TASK PROMPT
I'd like every entry transcribed word for word, with no pictures.

INPUT DATA
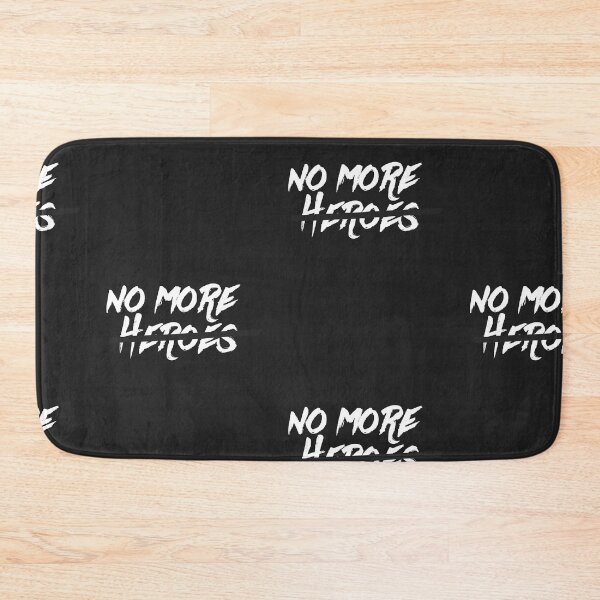 Item preview, No More Heroes designed and sold by art-fox.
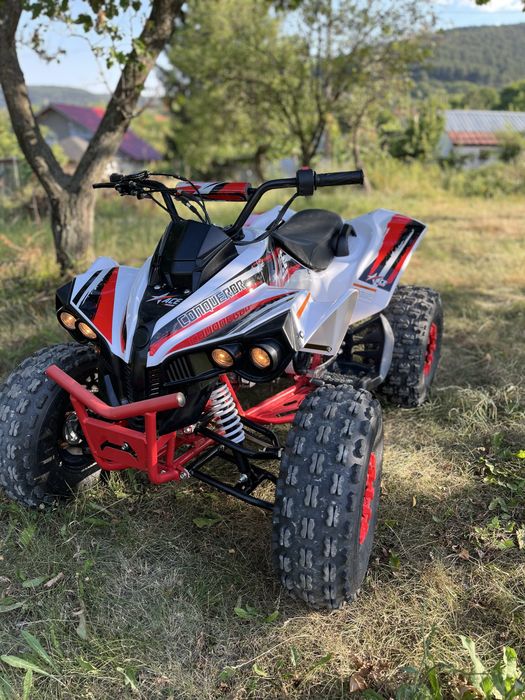 Atv в добро състояние няма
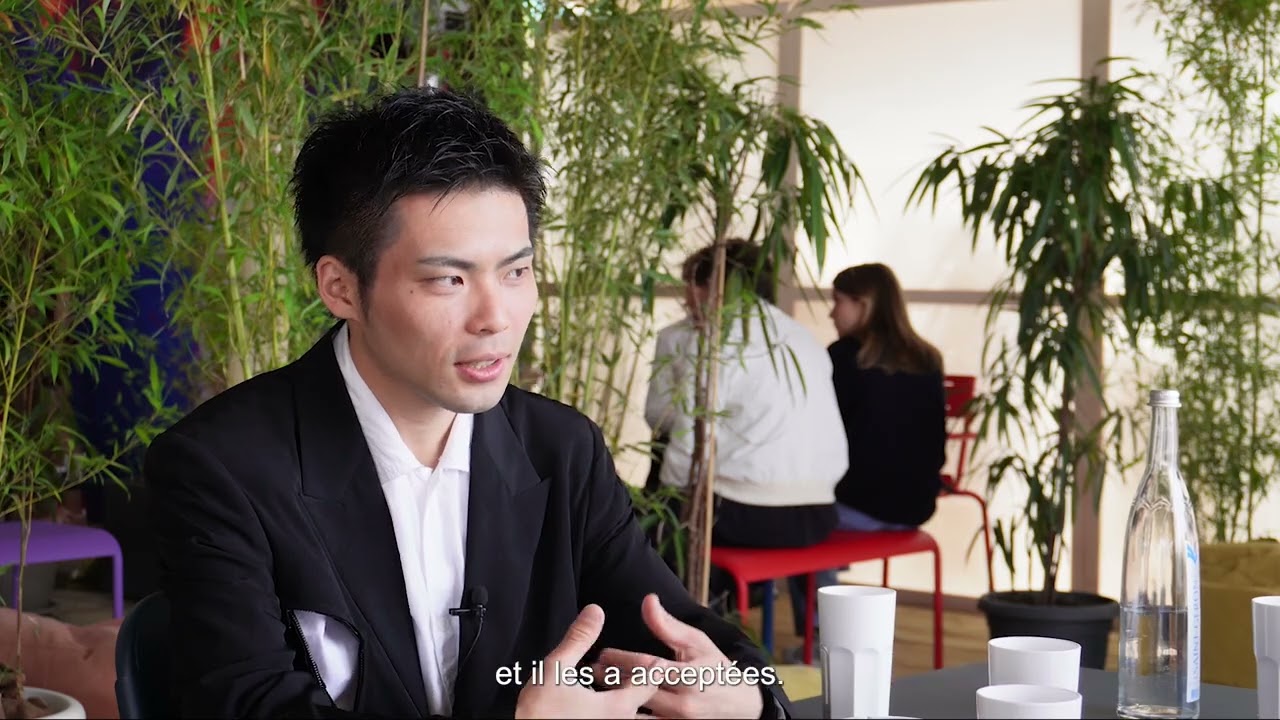 Cannes 2025 : Interview de Yuiga Danzuka (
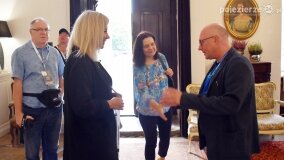 „Ziemiaństwo – polska tożsamość, dwór – polska tradycja” w kuluarach… - zdjęcie 17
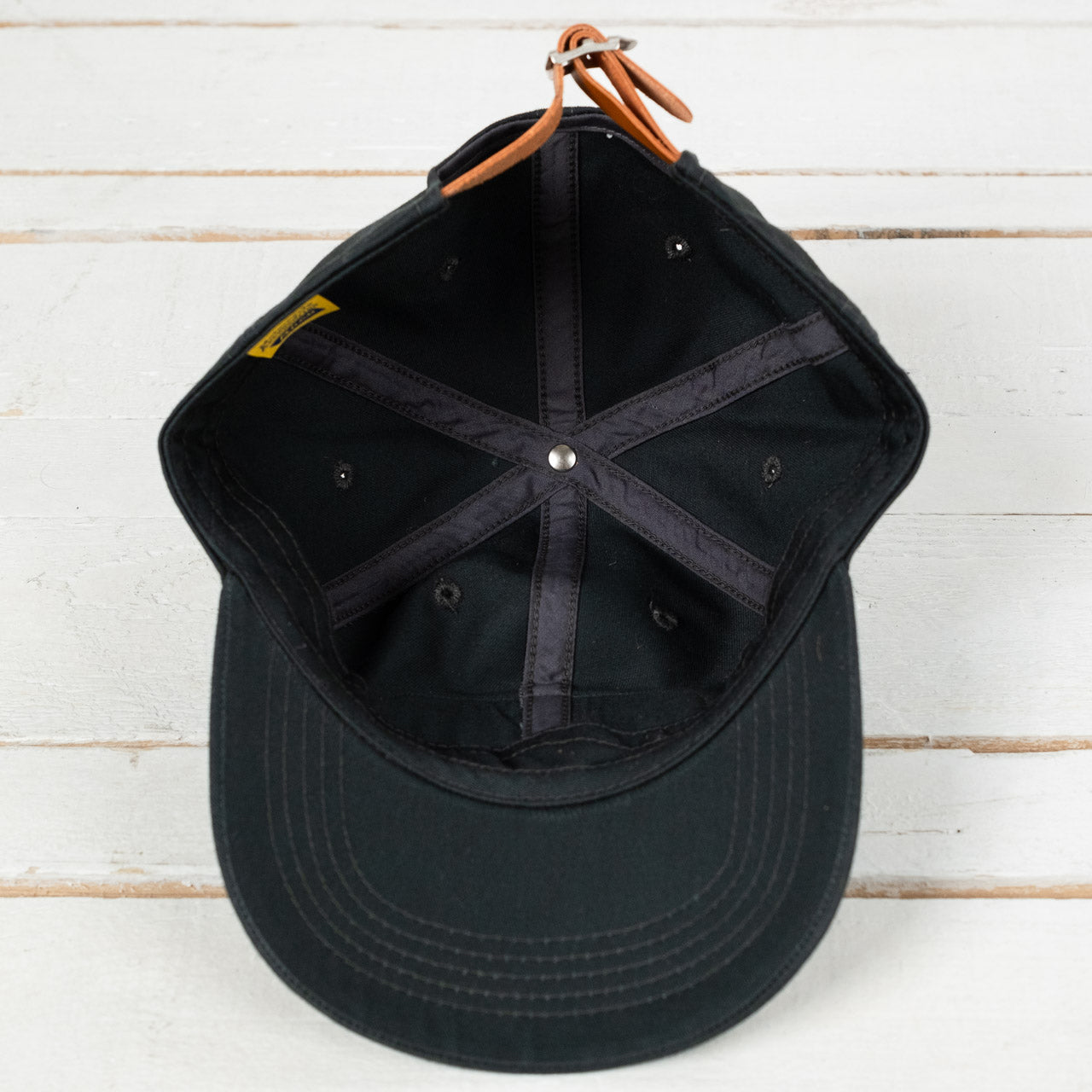 Buco Logo Cap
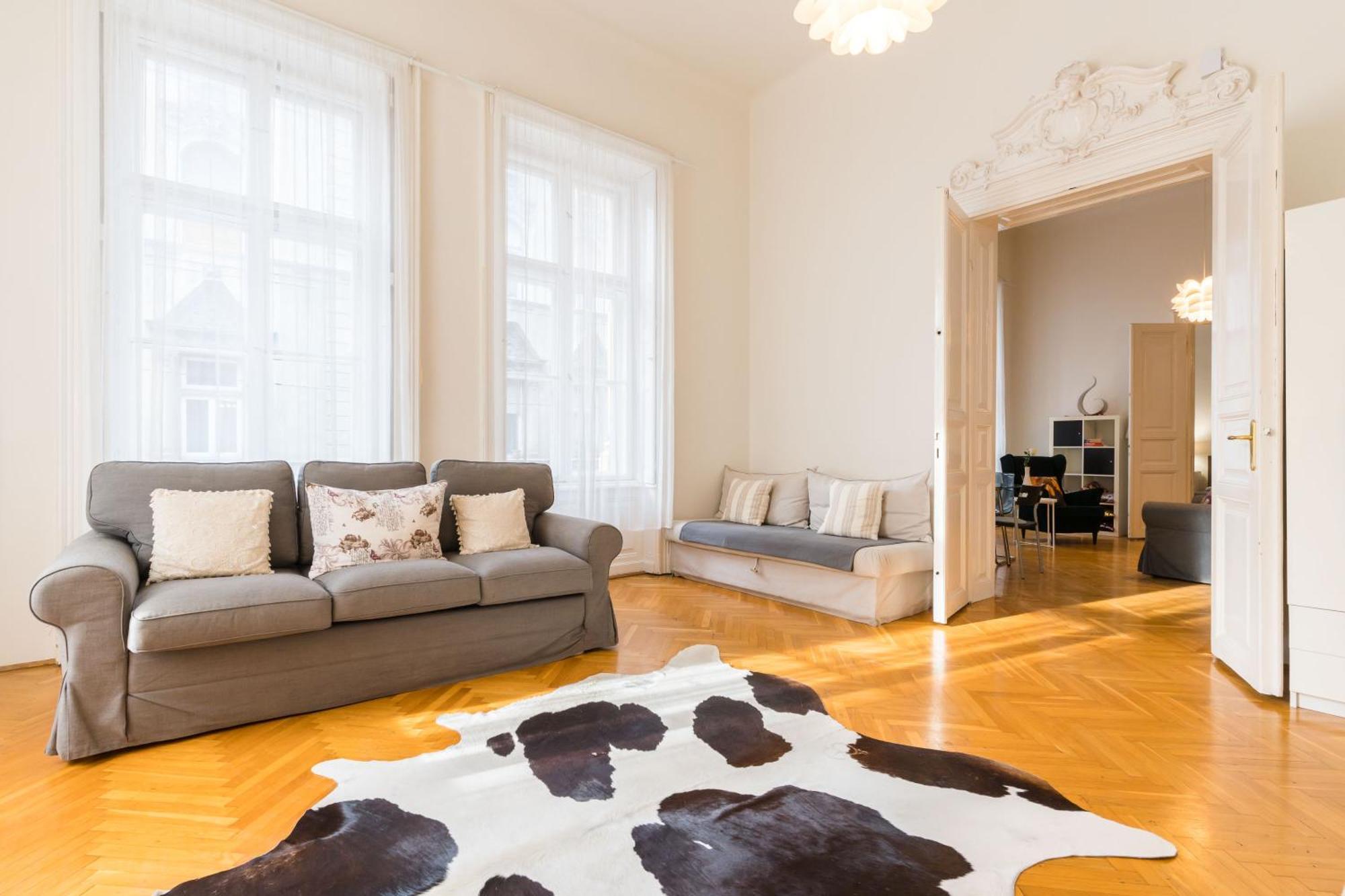 Apartamento Broadway Downtown At The Opera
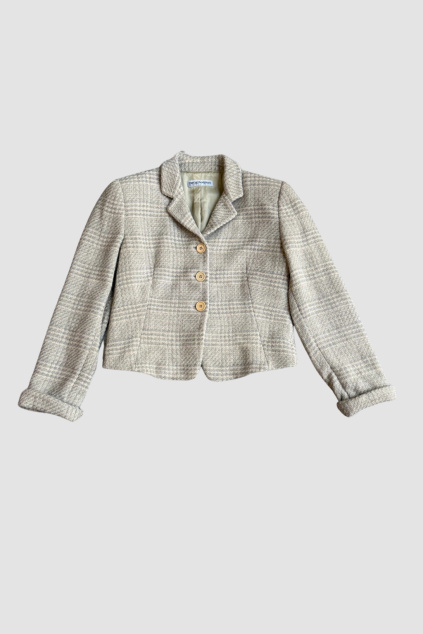 Béžové Sako Armani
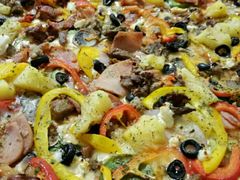 -Tubestation站点比萨(五道营店)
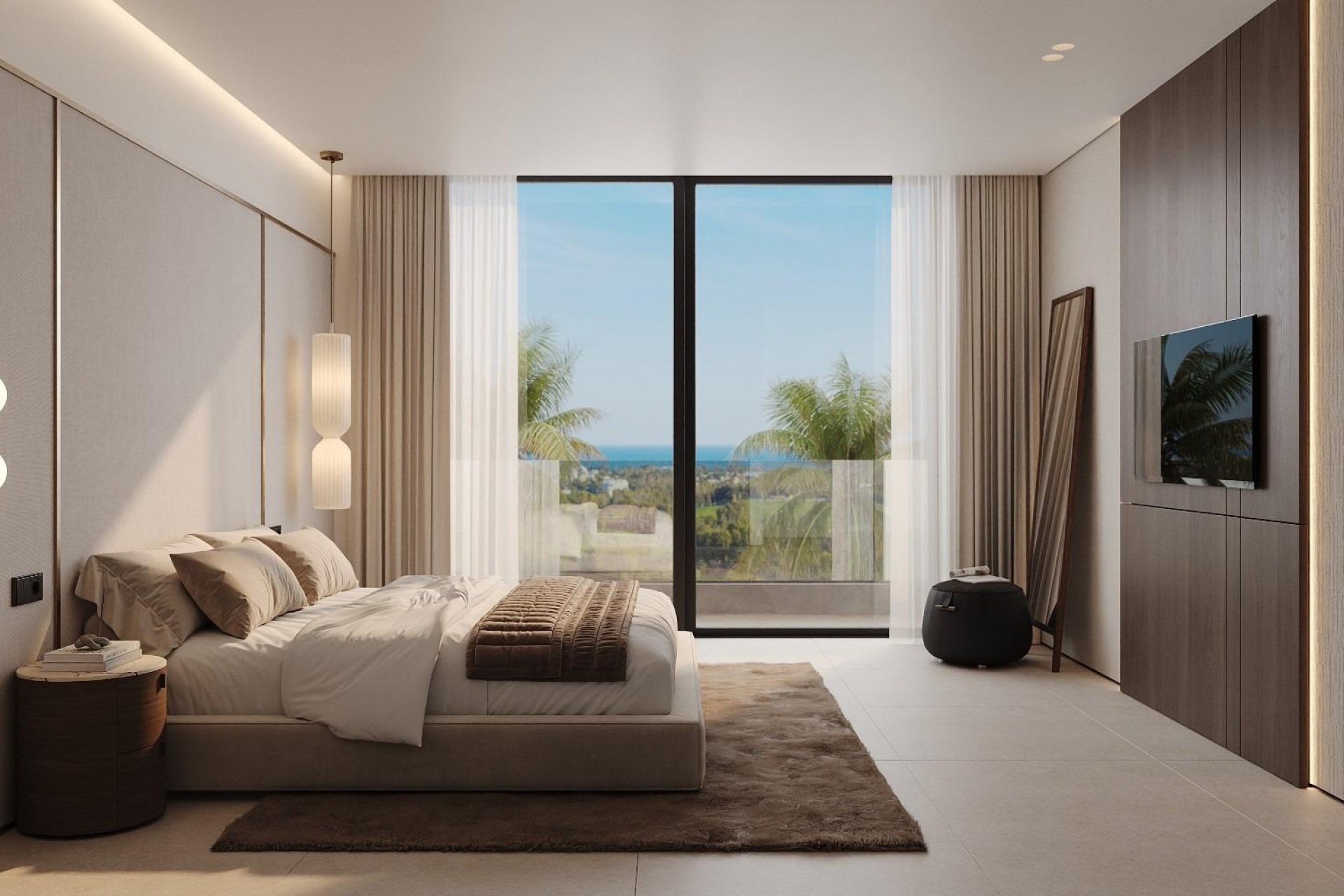 Nieuwbouw Woningen - Appartement - Estepona - Playa del Padrón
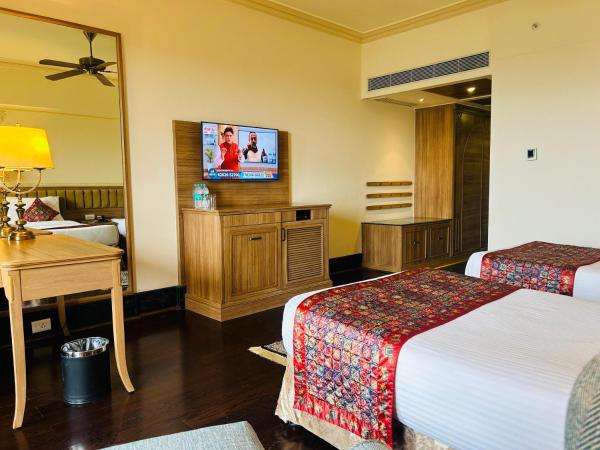 Indana Palace Jaipur : photo 4 de la chambre chambre lits jumeaux standard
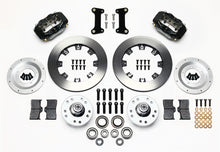Load image into Gallery viewer, 1982 - 1992 Chevrolet, Pontiac Forged Dynalite Big Brake Front Brake Kit (Hub) - 140-11275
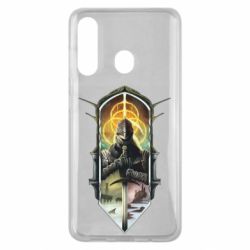 Чохол для Samsung M40 Elden Ring Frame - PrintSalon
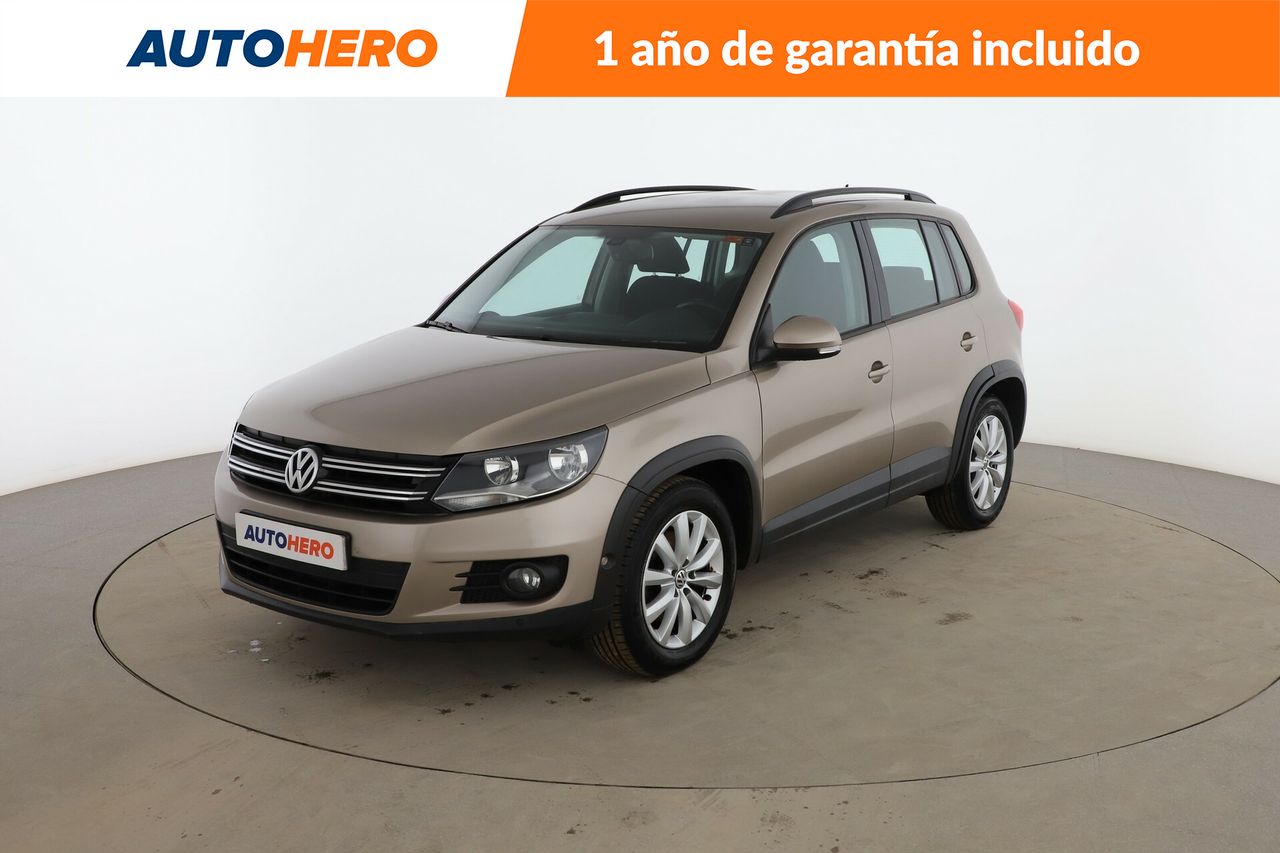 volkswagen tiguan 2014 /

FINAL ANSWER
 Item preview, No More Heroes designed and sold by art-fox.
 Atv в добро състояние няма
 Cannes 2025 : Interview de Yuiga Danzuka (
 „Ziemiaństwo – polska tożsamość, dwór – polska tradycja” w kuluarach… - zdjęcie 17
 Buco Logo Cap
 Apartamento Broadway Downtown At The Opera
 Béžové Sako Armani
 -Tubestation站点比萨(五道营店)
 Nieuwbouw Woningen - Appartement - Estepona - Playa del Padrón
 Indana Palace Jaipur : photo 4 de la chambre chambre lits jumeaux standard
Load image into Gallery viewer, 1982 - 1992 Chevrolet, Pontiac Forged Dynalite Big Brake Front Brake Kit (Hub) - 140-11275
 Чохол для Samsung M40 Elden Ring Frame - PrintSalon
 volkswagen tiguan 2014 /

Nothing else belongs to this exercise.